About the job
Join our dynamic and forward-thinking Tech Team as a Site Reliability Engineering Manager focused on Data Infrastructure. In this pivotal role, you will lead and inspire a talented group of Site Reliability Engineers (SREs) while collaborating closely with Engineering, Product, and Security teams. Your mission is to enhance the resilience, scalability, and security of our platforms, playing a critical part in the execution of our strategy to combat financial crime.
Key Responsibilities:
- Oversee the growth and development of your team, including hiring and onboarding new members.
- Foster a thriving environment that encourages innovation and high-quality outcomes.
- Act as a mentor and coach, embodying a learning mindset and embracing new technologies.
- Set strategic direction for your team in alignment with our overarching technology vision, making accountable tech decisions.
- Utilize your expertise in cloud systems to inform technical decision-making.
- Engage with stakeholders across engineering to ensure your team’s services meet the needs of internal customers.
- Collaborate within your team and across the organization to maintain industry standards in implementation.
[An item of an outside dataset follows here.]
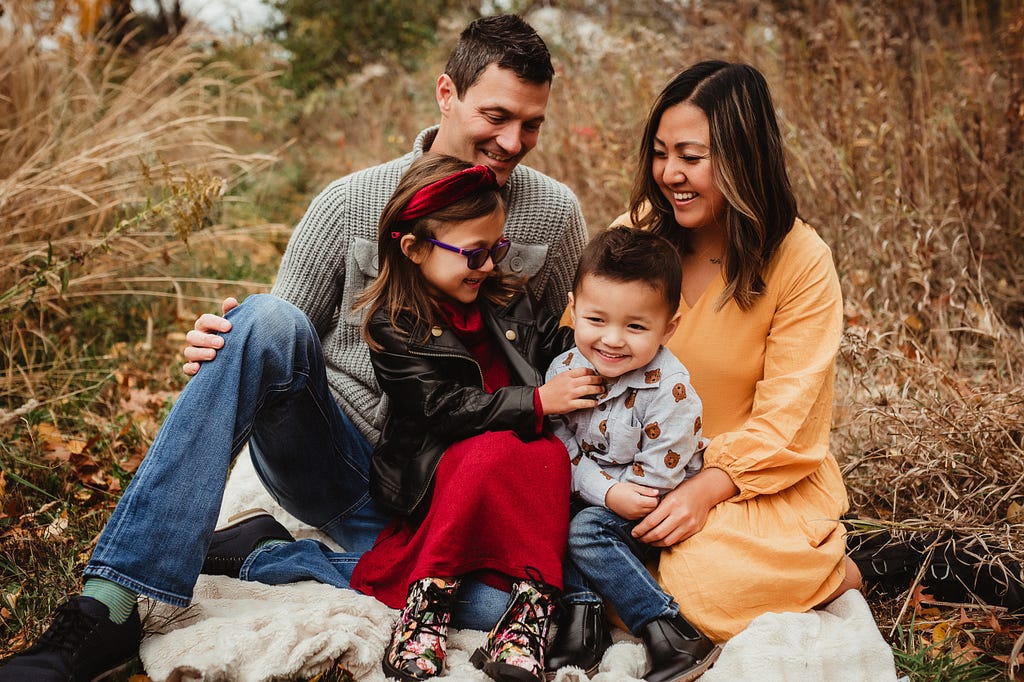 A photograph of Amanda with her husband and two kids.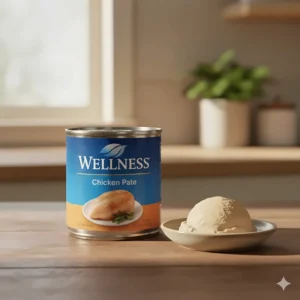 A can of Wellness brand chicken pate cat food, featuring the "chicken pate" label clearly visible on the packaging.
This role reports to the Director of Infrastructure and involves managing a team focused on our Stateful/Data layer technologies that power all services in both development and production environments. Our technology stack includes YugaByte (sharded Postgres), Kafka (via Strimzi), Elasticsearch (via ECK), Redis, and Spark/data warehousing on GCP and AWS utilizing their PaaS systems. Given the foundational nature of this technology stack, a collaborative mindset is essential.
Technology Stack Overview:
ComplyAdvantage operates entirely on a cloud-based architecture with a modern Kubernetes-centric tech stack. All computing workloads are managed in Kubernetes, with clusters distributed across multiple regions to cater to our global clientele. Our production services are strategically designed to be multi-cloud, currently hosted in both AWS and GCP.
We leverage Terraform and Helm for defining our infrastructure and services, adhering to GitOps paradigms, ensuring that both production and non-production environments are version-controlled in Git, with changes managed through this system.